Rione Terra, maison de la famille Priore

Nous apprenons que le professeur Ianniello identifie souvent la Déesse Mère avec diverses femmes de sa connaissance, y compris sa voisine, Mme Rosa Priore. C’est ainsi que nous voyons notre protagoniste, jouée par Sophia Loren, entrer en scène pour la première fois: une fière matrone pleinement engagée dans le devoir sacré de préparer son ragoût pour le déjeuner du dimanche. Après une scène amusante dans laquelle Donna Rosa a une dispute animée sur la recette du ragoût idéal avec d’autres femmes à la boucherie, notre protagoniste revient dans sa maison donnant sur la mer dans le quartier Rione Terra à Pouzzoles. Ici nous rencontrons sa famille nombreuse et bruyante, prête à se réunir pour le déjeuner du dimanche : ses enfants adultes, tante Memè (la grande Pupella Maggio, pour laquelle De Filippo a écrit à l’origine le rôle de Donna Rosa Priore) et surtout son mari Don Peppino Priore, tourmenté par la jalousie envers sa belle épouse qu’il voit trop liée au professeur Iannello.

Une balade en calèche dans les rues de Naples

Les inquiétudes de Don Peppino concernant sa relation avec sa femme se reflètent également dans ses conversations avec les autres personnages.
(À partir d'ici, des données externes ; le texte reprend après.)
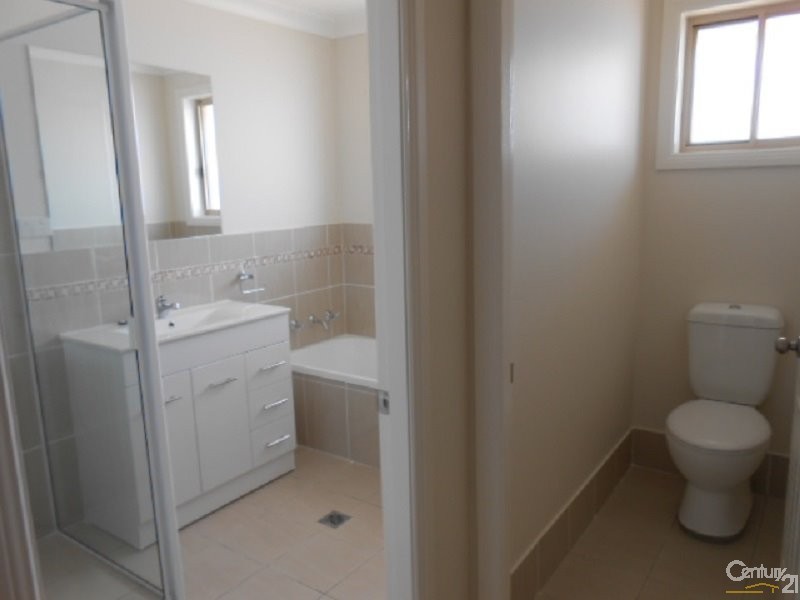 36 Reid Street, Parkes NSW 2870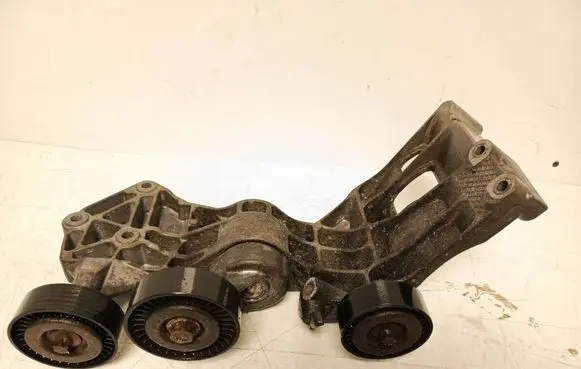 Mercedes-Benz A W169 Generator/alternator belt tensioner A2662000670 31362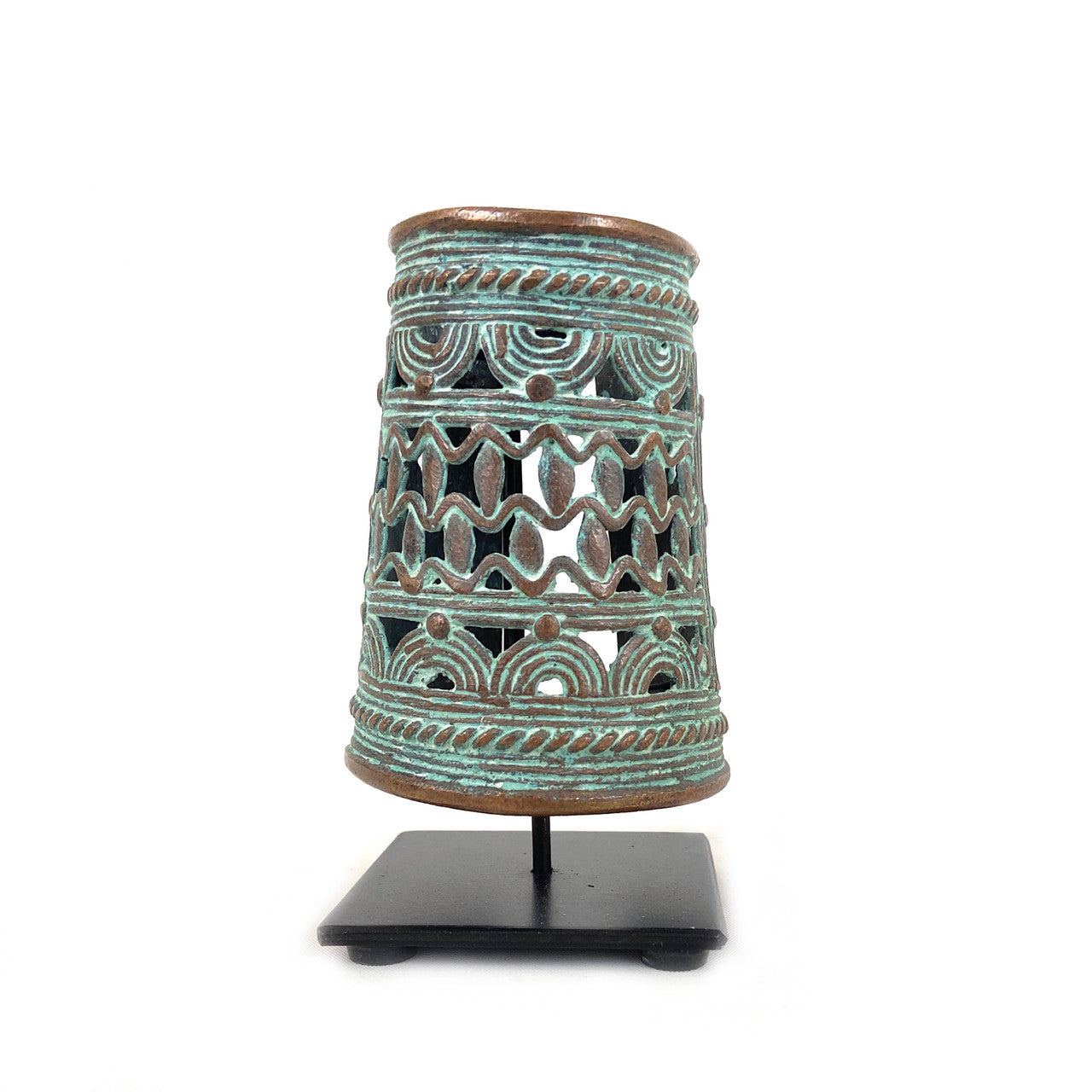Bronze cuff from Benin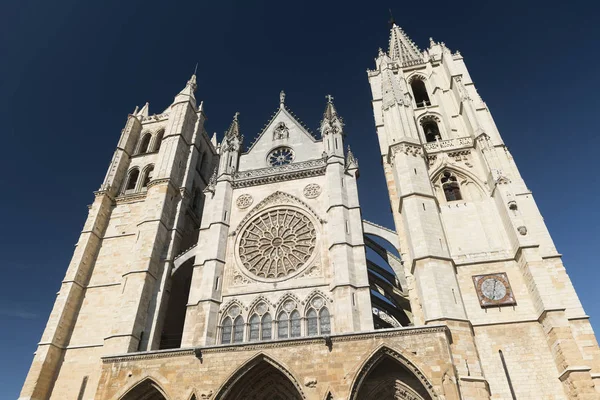 Leon (Espanha): catedral exterior — Fotografia de Stock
Peppino se sent également éloigné de son fils Rocco, qui est en revanche très proche de son grand-père qui le considère bien mieux que son père Peppino et beaucoup plus habile en affaires que lui. La colère de Peppino contre son beau-père Don Antonio se déchaîne lors d’une balade en calèche dans laquelle nous verrons en arrière-plan certains des endroits les plus caractéristiques de Naples : à partir du Rettifilo (comme le Corso Umberto I est communément appelé), nous voyons la calèche passer devant l’imposant Maschio Angioino (aussi appelé Castel Nuovo ou Nouveau Château), le Théâtre San Carlo et le magnifique Palais Royal de Naples situé sur la Piazza del Plebiscito. Ces symboles de Naples accompagnent le bavardage de Don Antonio sur les chapeaux et la boutique élégante que son petit-fils a ouverte dans la via Calabritto, en commençant une querelle cinglante avec Don Peppino.

Le Temple de Sérapis, un témoin silencieux

Pendant le déjeuner du dimanche, les tensions entre les époux vont exploser dans une scène violente qui risque d’endommager irrémédiablement le ménage familial, de la même manière qu’un tremblement de terre provoqué par le bradyséisme fissure les murs de la maison immédiatement après la dispute. En fait, la jalousie de Don Peppino prend le dessus et, après une débauche d’accusations infondées, Donna Rosa s’évanouit à la fin d’un monologue passionné. Après une telle explosion, il ne reste que l’obscurité et le silence d’une mauvaise journée qui se termine : le professeur Iannello, attristé par l’incident, fera une promenade nocturne dans le centre de Pouzzoles en admirant les ruines du Temple de Sérapis et en interrogeant silencieusement une statue de la Déesse Mère.

Lundi: la résolution des conflits et le triomphe de l’amour

Le troisième acte a lieu lundi, et il voit la résolution du conflit conjugal grâce à l’intervention de la fille Giulianella : c’est elle, en effet, qui découvre la véritable raison du ressentiment de la mère envers Don Peppino, et qui en informe ce dernier. Les raisons de Donna Rosa peuvent sembler futiles à première vue : son ressentiment envers son mari provient en fait des compliments exagérés faits par ce dernier aux maccheroni alla siciliana (pâtes à la sicilienne) cuisinés par sa belle-fille. Cependant, derrière ce prétexte apparemment insensé, il y a bien plus : la frustration de Rosa en constatant qu’elle n’a jamais reçu de compliments similaires de la part de son mari, son mécontentement pour la manière dont il lui a complètement délégué les soins de la maison et des enfants, sans jamais avoir un mot explicite de gratitude pour elle.

Grâce à l’intervention de Giulianella, les époux pourront se parler franchement, et ils découvriront que les craintes qui les tourmentaient ne devaient pas être attribuées à la fin de leur amour, mais plutôt être interprétées comme une preuve définitive de combien ils s’aimaient.